_AIM OF THE EXERCISE_
Copy out all lines of the records in which the word "Picture" appears.

_WORKING DATA_
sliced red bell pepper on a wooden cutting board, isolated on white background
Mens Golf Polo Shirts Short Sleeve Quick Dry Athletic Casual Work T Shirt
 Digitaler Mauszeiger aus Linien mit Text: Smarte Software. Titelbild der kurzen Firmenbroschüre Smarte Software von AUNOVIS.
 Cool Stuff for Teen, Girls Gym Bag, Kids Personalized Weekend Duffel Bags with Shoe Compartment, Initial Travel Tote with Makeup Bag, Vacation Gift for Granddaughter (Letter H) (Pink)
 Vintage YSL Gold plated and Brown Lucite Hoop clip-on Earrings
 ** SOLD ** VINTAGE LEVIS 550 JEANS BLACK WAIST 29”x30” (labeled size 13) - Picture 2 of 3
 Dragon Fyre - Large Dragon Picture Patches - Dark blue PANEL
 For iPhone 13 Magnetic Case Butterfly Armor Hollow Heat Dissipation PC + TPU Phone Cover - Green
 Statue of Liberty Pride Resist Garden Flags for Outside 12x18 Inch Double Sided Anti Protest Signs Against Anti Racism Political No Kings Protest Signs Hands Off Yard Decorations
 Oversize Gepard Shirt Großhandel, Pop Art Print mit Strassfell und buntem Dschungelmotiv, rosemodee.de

_ANSWER BOX_
 ** SOLD ** VINTAGE LEVIS 550 JEANS BLACK WAIST 29”x30” (labeled size 13) - Picture 2 of 3
 Dragon Fyre - Large Dragon Picture Patches - Dark blue PANEL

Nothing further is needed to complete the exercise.